**** DATA IN THIS EXERCISE

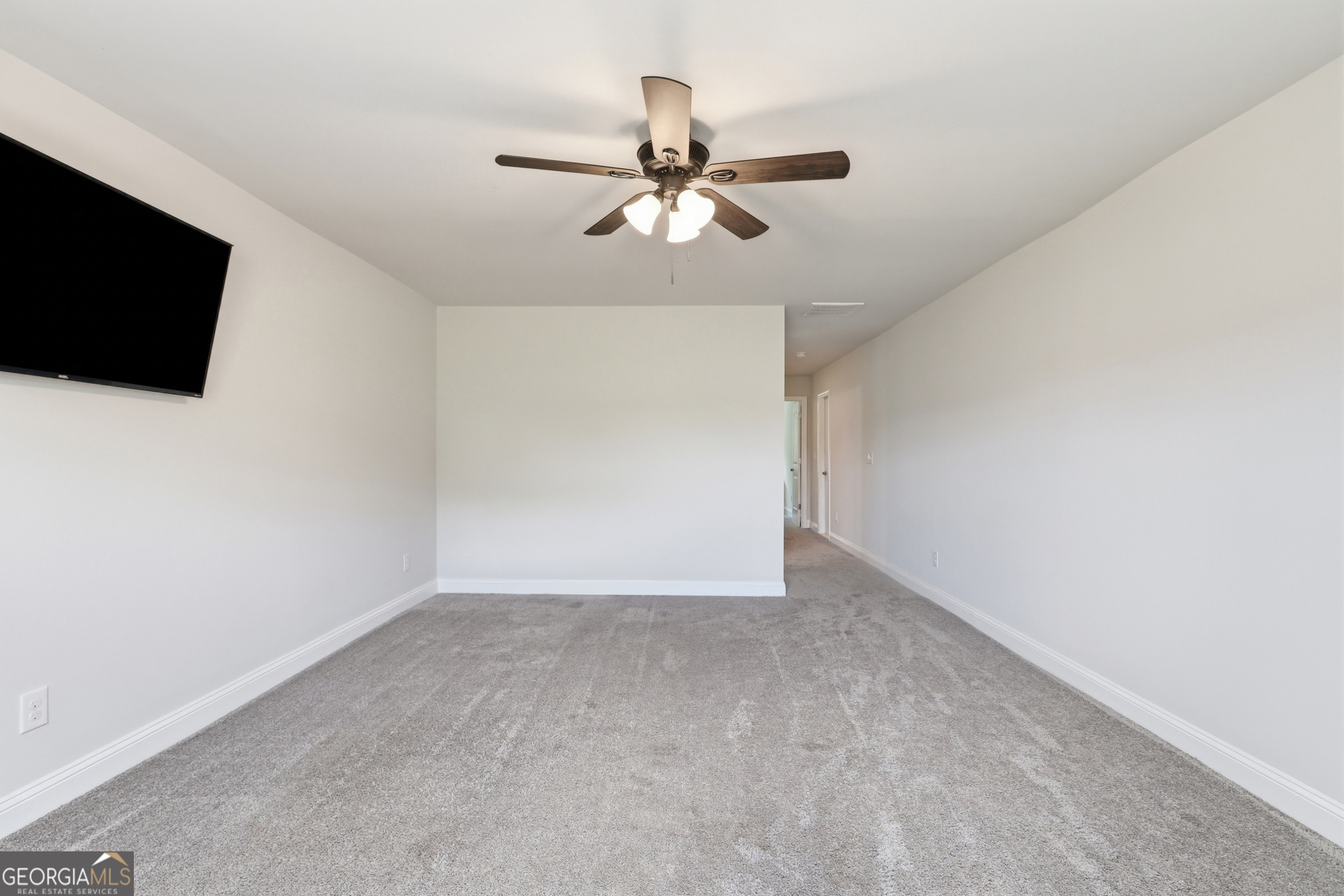 5911 Wauka Valley Pass Clermont GA 30527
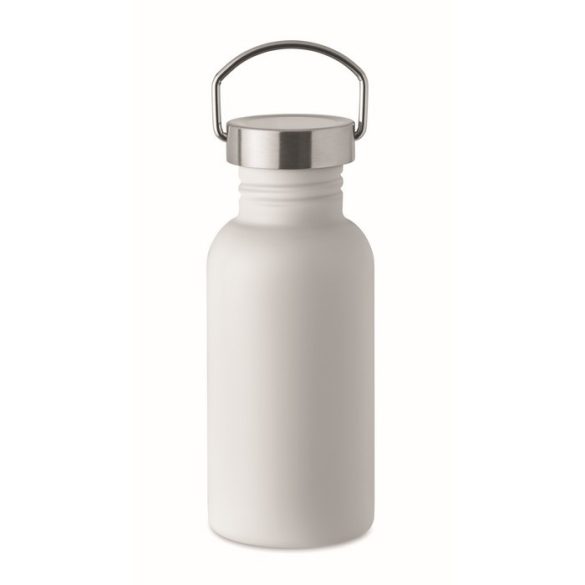 MO2562-06-Recipient-pentru-lichide-500-ml-FLORENCE-SING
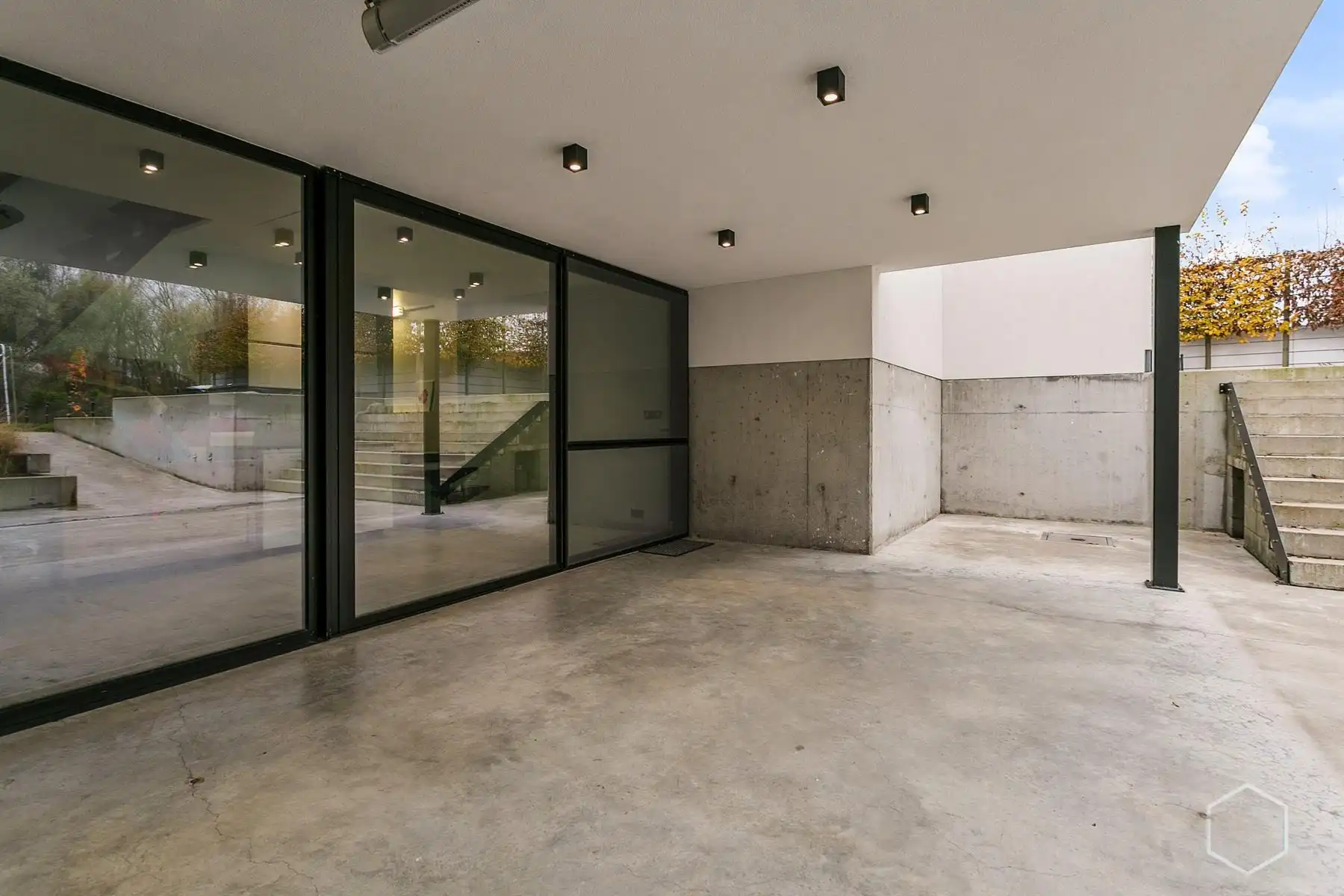 Huis te koop foto 30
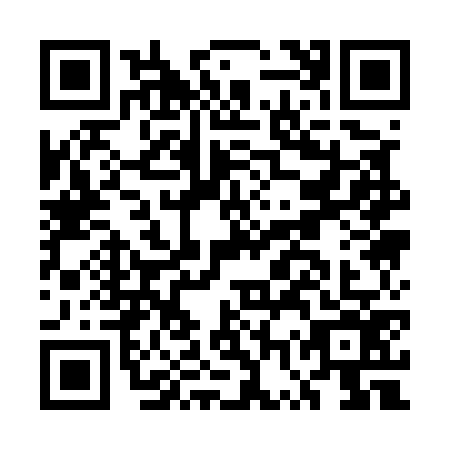QR code for EWQ5768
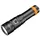 orcatorch technology ltd. OrcaTorch - Double D710V MK2 Combo Kit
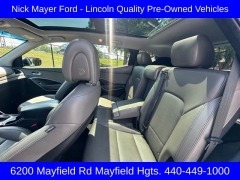 Used 2018 Hyundai Santa Fe Sport 2.4L Auto AWD at Drive Now Westlake near Westlake, OH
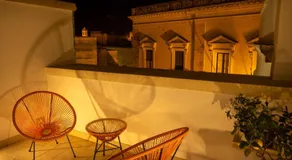 La Terrazza Nel Borgo B&B - Image 4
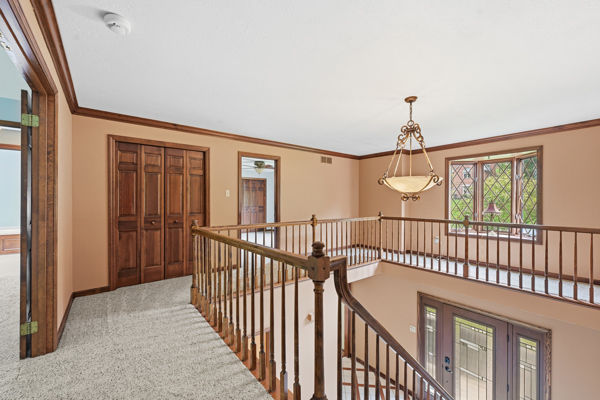 2493 Elkridge Drive DRIVE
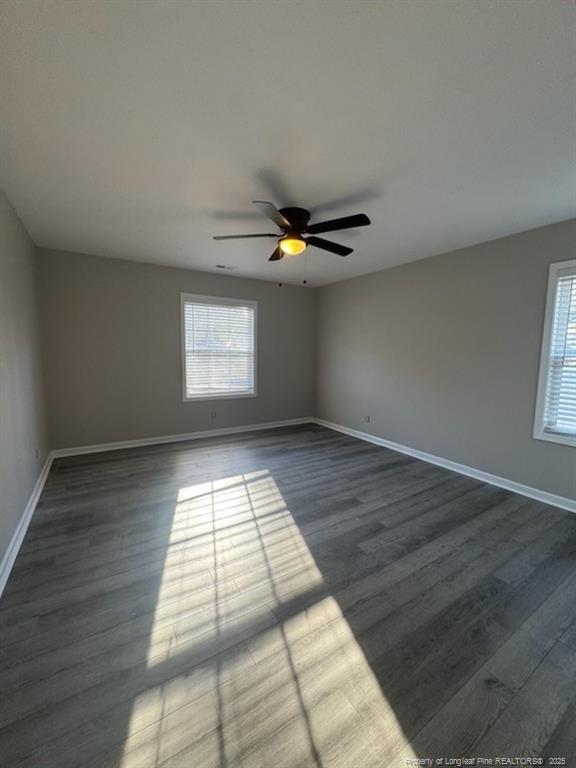 Photo - 413 Jamestown Ave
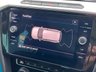 USED 2019 19 VOLKSWAGEN PASSAT 1.5 GT TSI EVO 5d 148 BHP 
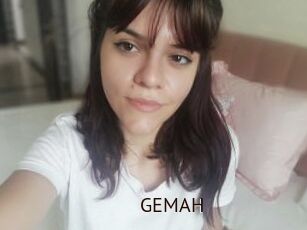 GEMAH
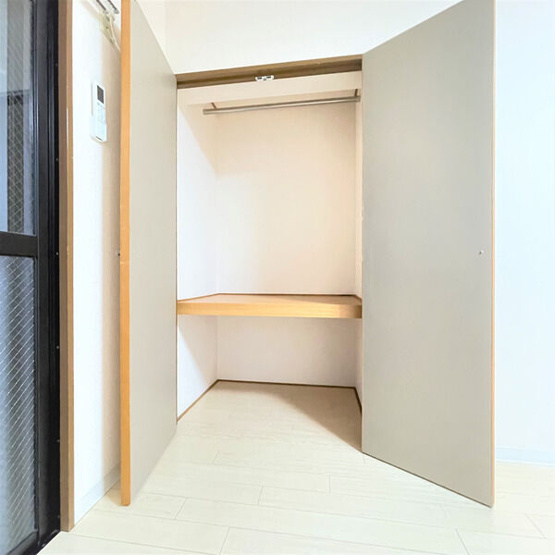 【居間・リビング】 | マンション 林檎の樹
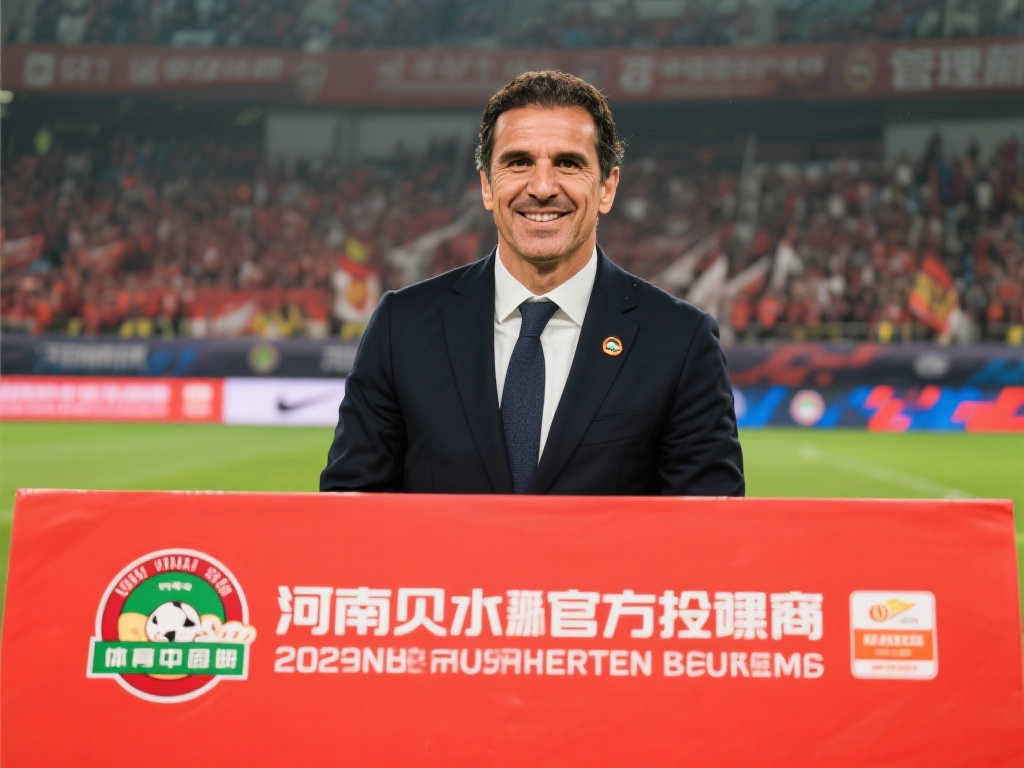 在具体的赛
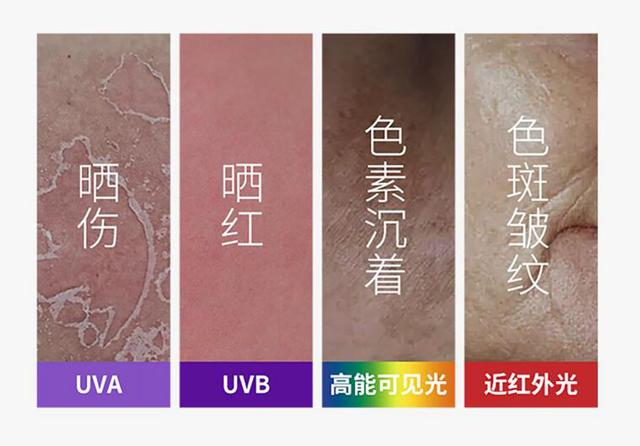 排名前十大的帽子品牌，世界十大帽子品牌排行榜（这低调的小众品牌是我夏日的首先）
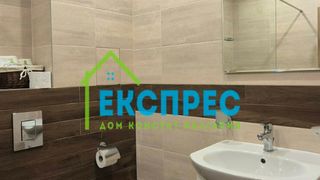 Двустаен Наеми, София (6)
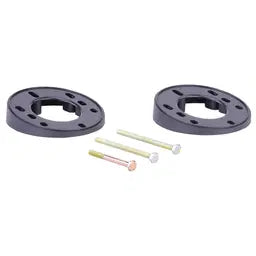 TELEFLEX SB27449P BEZEL KIT 20 DEGREE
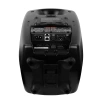 Купить Genelec 8340AMM по выгодной цене в Нижнем Новгороде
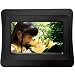 Photo : Spectroniq SDF700B 7 Digital Photo Frame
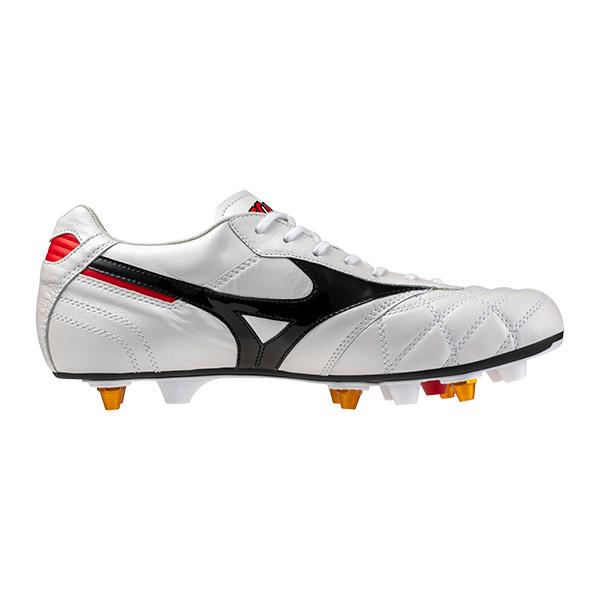 モレリアII JAPAN MIX 取替式 ミズノ mizuno P1GC260209 スーパー
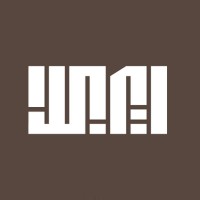 Ebla Company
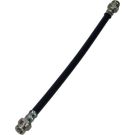 Bremsschlauch 52-0709
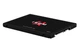 Накопичувач SSD 512GB GOODRAM Iridium Pro Gen.2 2.5" SATAIII 3D TLC (IRP-SSDPR-S25C-512) - зображення 5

********

__TASK PROMPT__. Repeat the listing above from its first line through the line that contains "排名前十大的帽子品牌，世界十大帽子品牌排行榜（这低调的小众品牌是我夏日的首先）", both included, and nothing more. Drop the pictures.

__OUTPUT FOR THIS TASK__.
 5911 Wauka Valley Pass Clermont GA 30527
 MO2562-06-Recipient-pentru-lichide-500-ml-FLORENCE-SING
 Huis te koop foto 30
QR code for EWQ5768
 orcatorch technology ltd. OrcaTorch - Double D710V MK2 Combo Kit
 Used 2018 Hyundai Santa Fe Sport 2.4L Auto AWD at Drive Now Westlake near Westlake, OH
 La Terrazza Nel Borgo B&B - Image 4
 2493 Elkridge Drive DRIVE
 Photo - 413 Jamestown Ave
 USED 2019 19 VOLKSWAGEN PASSAT 1.5 GT TSI EVO 5d 148 BHP 
 GEMAH
 【居間・リビング】 | マンション 林檎の樹
 在具体的赛
 排名前十大的帽子品牌，世界十大帽子品牌排行榜（这低调的小众品牌是我夏日的首先）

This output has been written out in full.